Could you repeat all of the entries exactly, leaving out any pictures?
START EXTRACTED ENTRIES
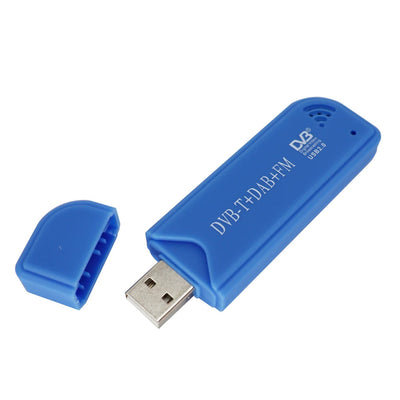 Digital USB 2.0 TV Stick Mini Portable TV stick DVB-T + DAB + FM RTL2832U FC0012 Support SDR Tuner Receiver TV accessories - Slobuy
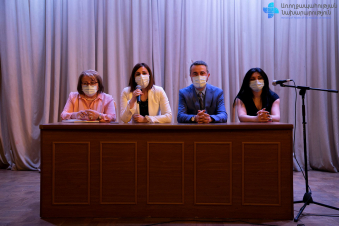 Անահիտ Ավանեսյանը հանդիպել է մշակույթի և սպորտի ներկայացուցիչների հետ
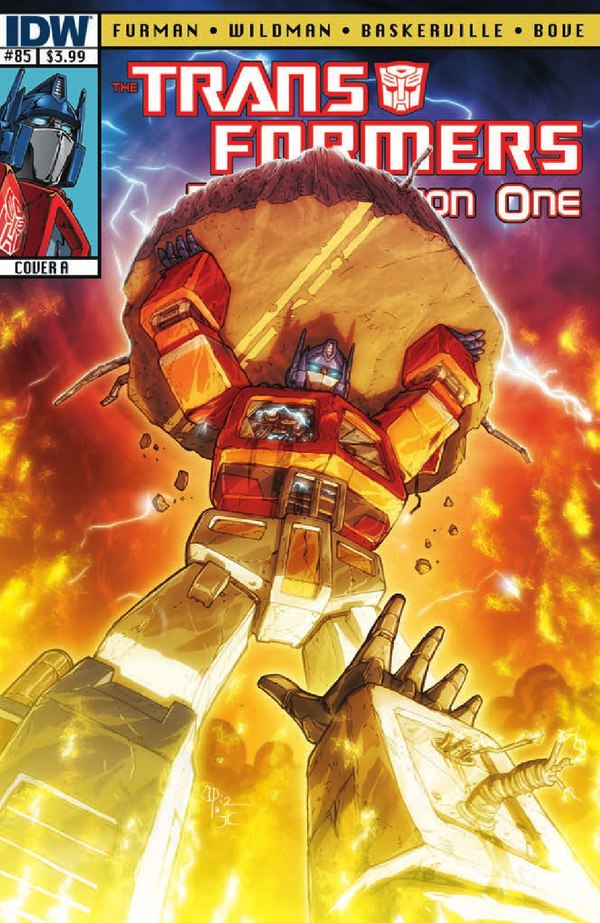 Transformers Regeneration One 85   5 Page Comic Book Preview  (1 of 8)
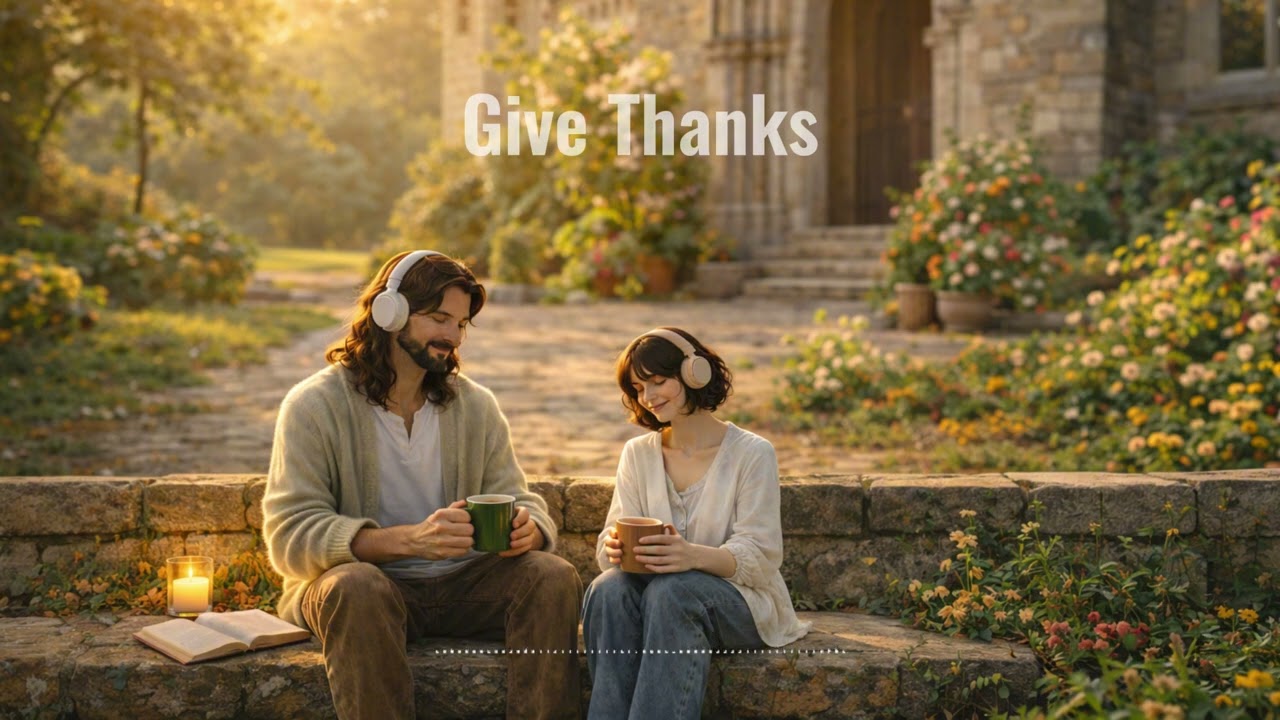 ☕ Bible LoFi Jazz – Peaceful Christian Music for Prayer & Meditatio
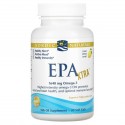 Nordic Naturals, EPA Xtra, 레몬 향, 820mg, 소프트젤 60정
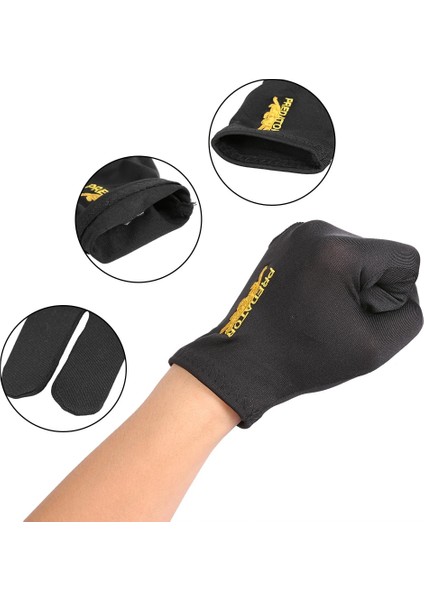 Mavi Stil -Parmak Lycra Nakış Snooker Bilardo Eldivenleri Sol El Açık Havuz Cue Eldiven Erkekler Kadınlar Için Unisex Fitness Sporları (Yurt Dışından) indirimleri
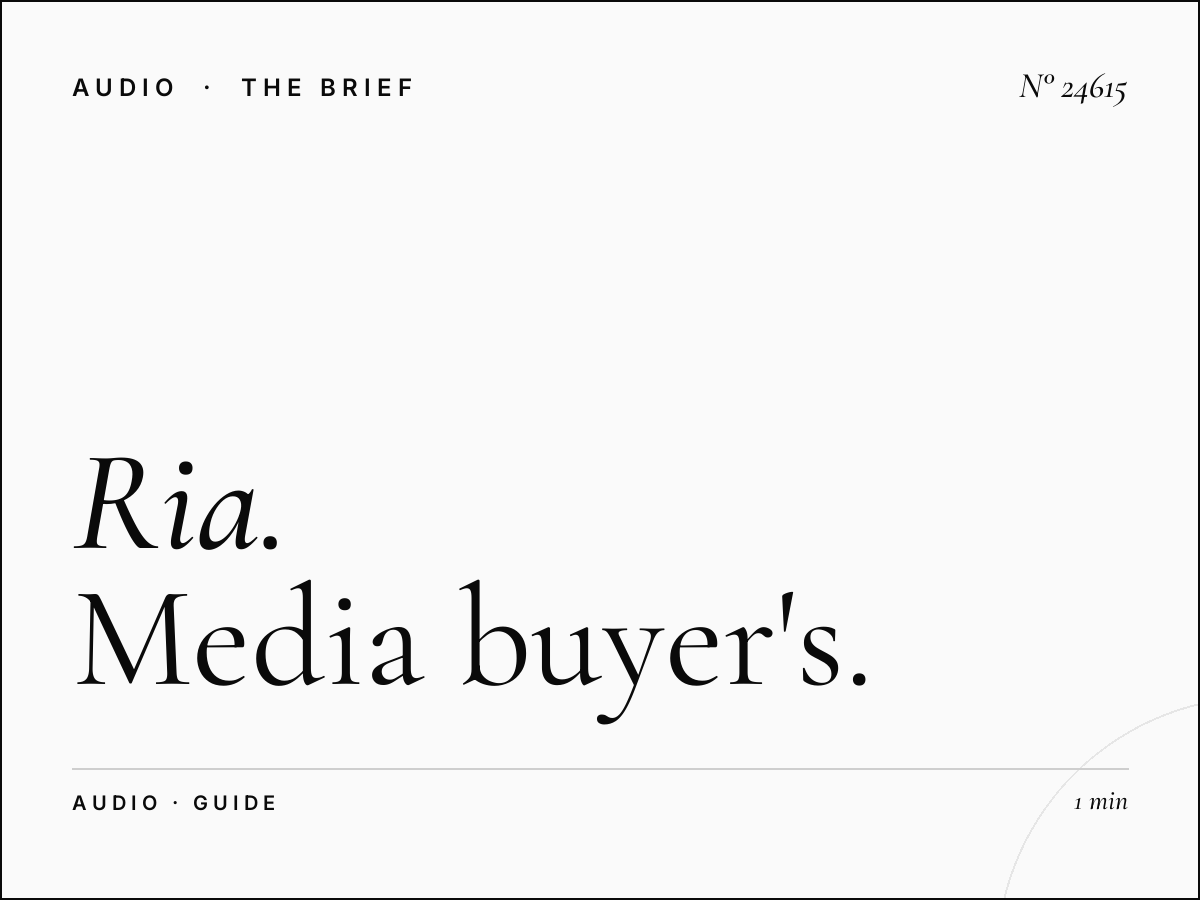 Ria 89.7 FM Singapore for Retail Brands: A Media Buyer's Guide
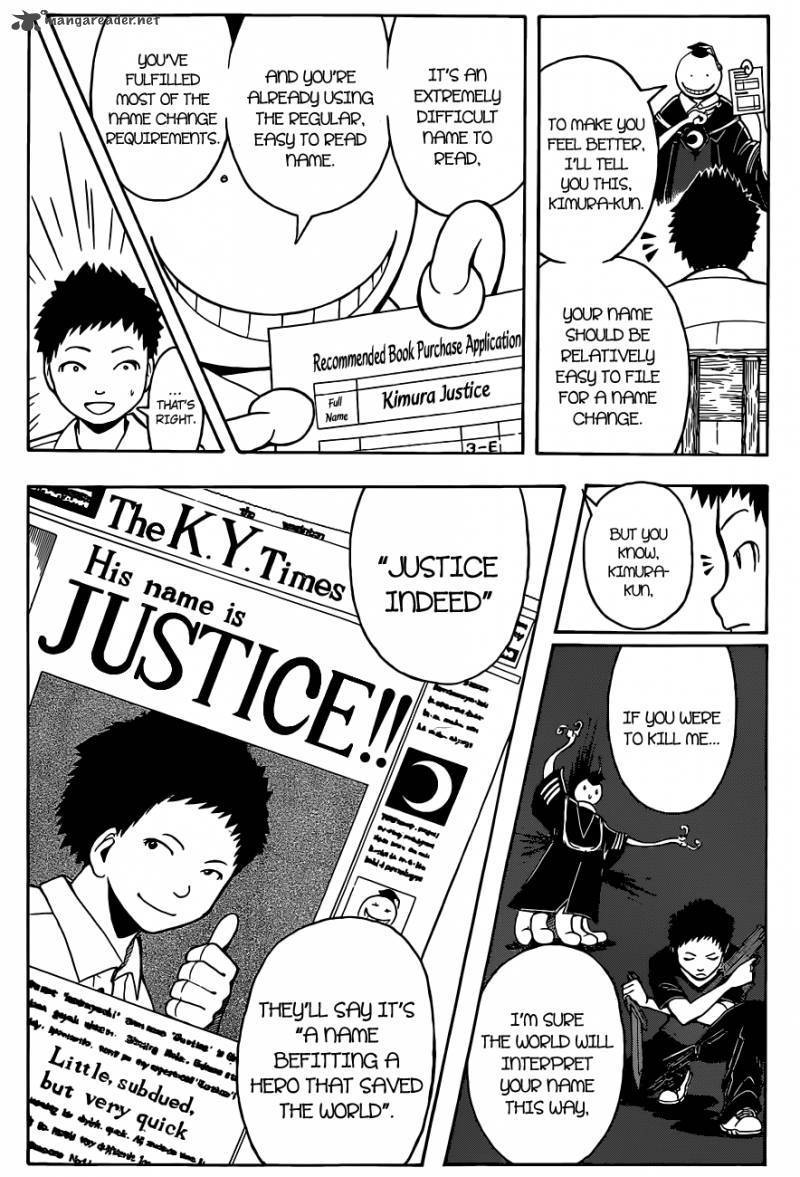 Assassination Classroom Manga Online Assassination Classroom Manga - Chapter 89 - Page 17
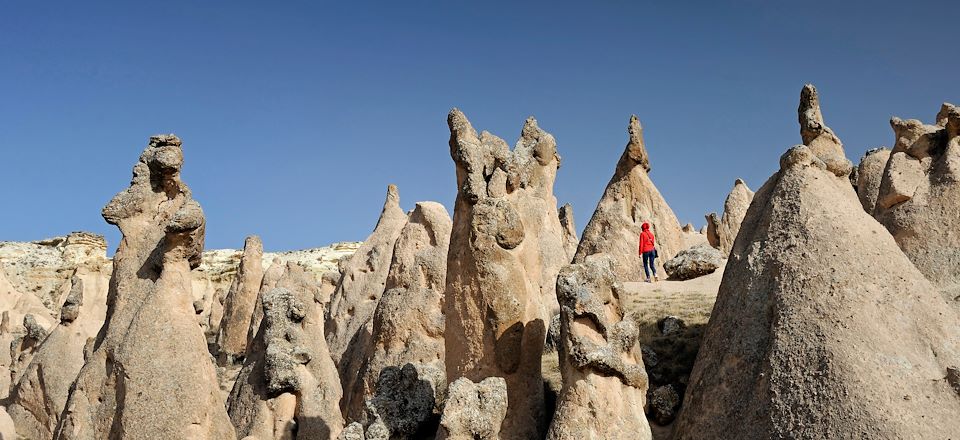 Randonnée au cœur de la Cappadoce & exploration libre d'Istanbul et de ses sites emblématiques...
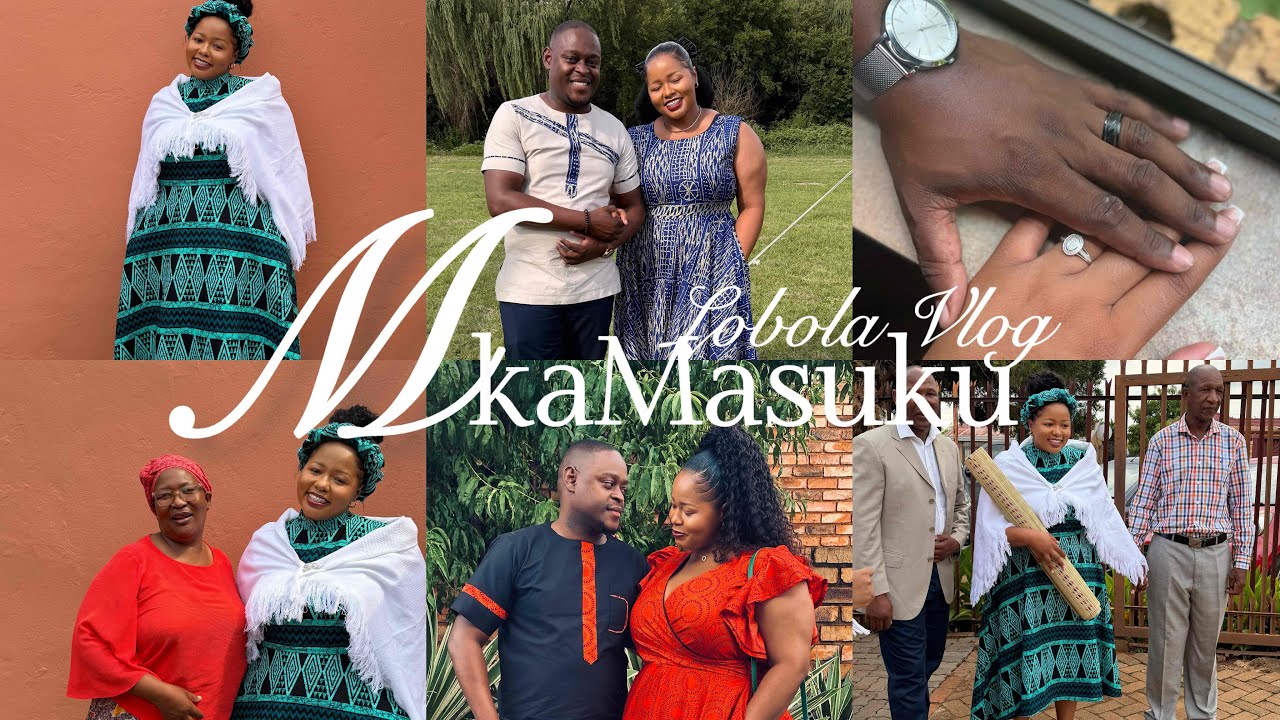 VLOG: 💍🐄 MARRIED TO THE LOML 😍 | AN ISAIAH 43:19 THING ❤️ | uPhenyane kept his promise!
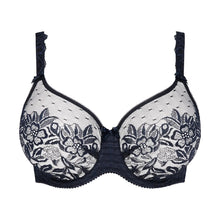 Load image into Gallery viewer, Prima Donna FW26 Madison Velvet Blue Full Cup Seamless Underwire Bra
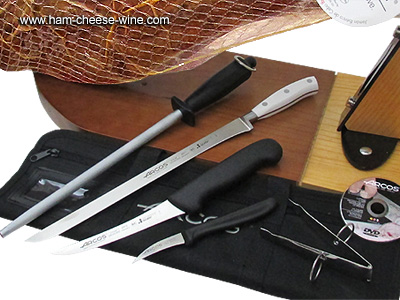Iberico Ham Fermín Professional Ham Carving Kit Details 4
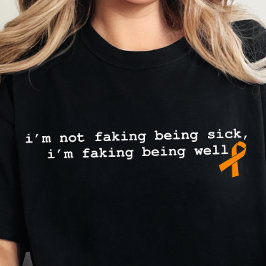 Grappige Multiple Sclerose, Sarcastische MS Warrio Tri-Blend Shirt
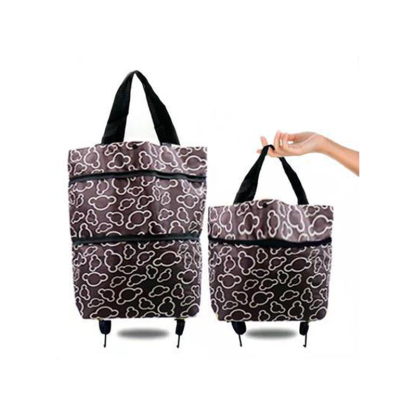 Expandierbare faltbare Einkaufstasche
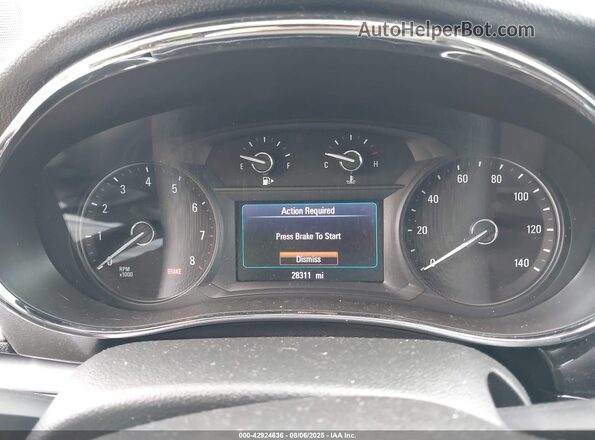 KL4CJESB2LB072939 2020 BUICK ENCORE Dark Blue უკანა სავარძლების ხედი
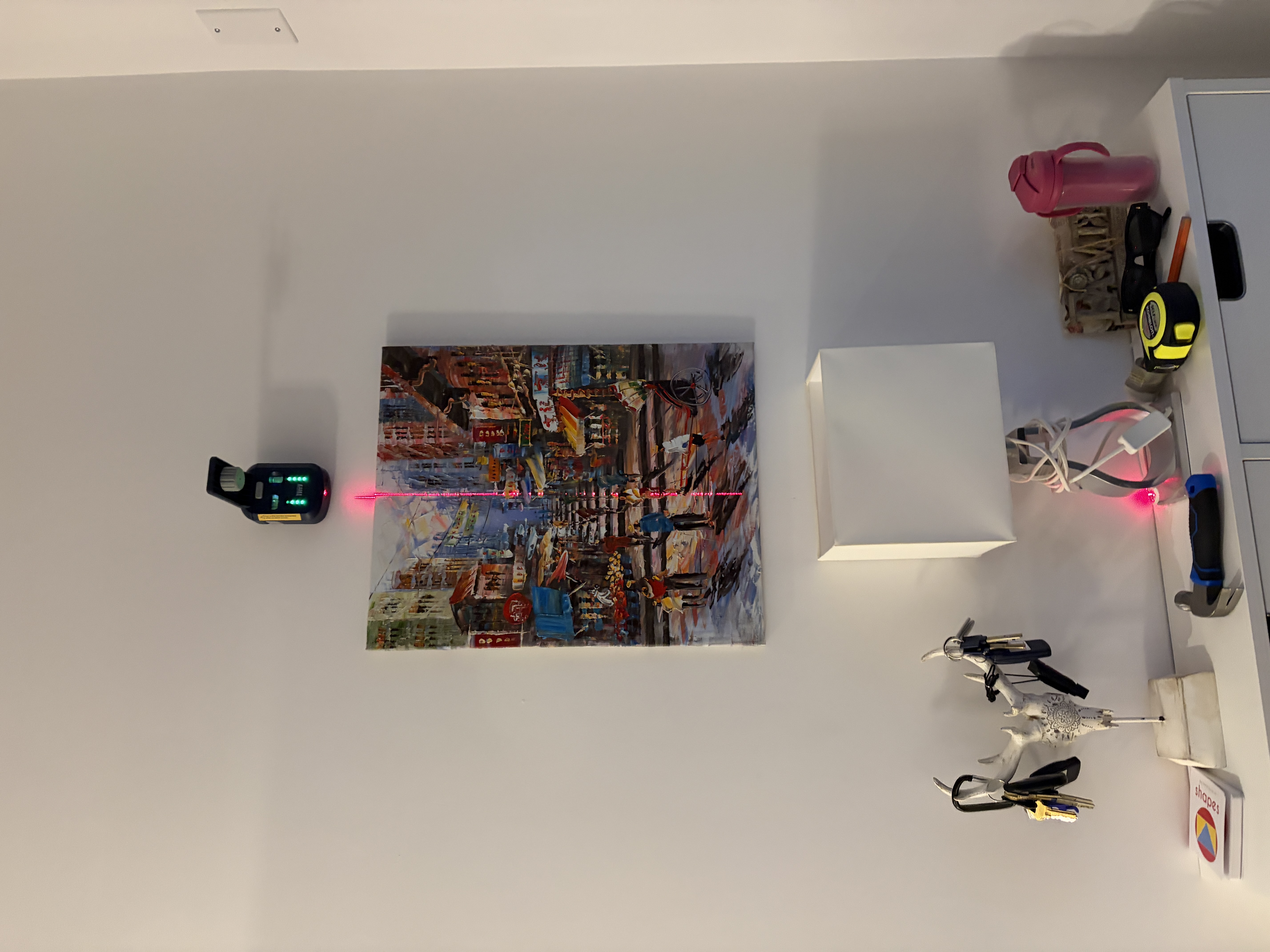 TV mount installation in Toronto condo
END EXTRACTED ENTRIES
■ **TASK ANSWER**
 Digital USB 2.0 TV Stick Mini Portable TV stick DVB-T + DAB + FM RTL2832U FC0012 Support SDR Tuner Receiver TV accessories - Slobuy
 Անահիտ Ավանեսյանը հանդիպել է մշակույթի և սպորտի ներկայացուցիչների հետ
 Transformers Regeneration One 85   5 Page Comic Book Preview  (1 of 8)
 ☕ Bible LoFi Jazz – Peaceful Christian Music for Prayer & Meditatio
 Nordic Naturals, EPA Xtra, 레몬 향, 820mg, 소프트젤 60정
 Mavi Stil -Parmak Lycra Nakış Snooker Bilardo Eldivenleri Sol El Açık Havuz Cue Eldiven Erkekler Kadınlar Için Unisex Fitness Sporları (Yurt Dışından) indirimleri
 Ria 89.7 FM Singapore for Retail Brands: A Media Buyer's Guide
 Assassination Classroom Manga Online Assassination Classroom Manga - Chapter 89 - Page 17
 Randonnée au cœur de la Cappadoce & exploration libre d'Istanbul et de ses sites emblématiques...
 VLOG: 💍🐄 MARRIED TO THE LOML 😍 | AN ISAIAH 43:19 THING ❤️ | uPhenyane kept his promise!
 Load image into Gallery viewer, Prima Donna FW26 Madison Velvet Blue Full Cup Seamless Underwire Bra
Iberico Ham Fermín Professional Ham Carving Kit Details 4
 Grappige Multiple Sclerose, Sarcastische MS Warrio Tri-Blend Shirt
 Expandierbare faltbare Einkaufstasche
 KL4CJESB2LB072939 2020 BUICK ENCORE Dark Blue უკანა სავარძლების ხედი
 TV mount installation in Toronto condo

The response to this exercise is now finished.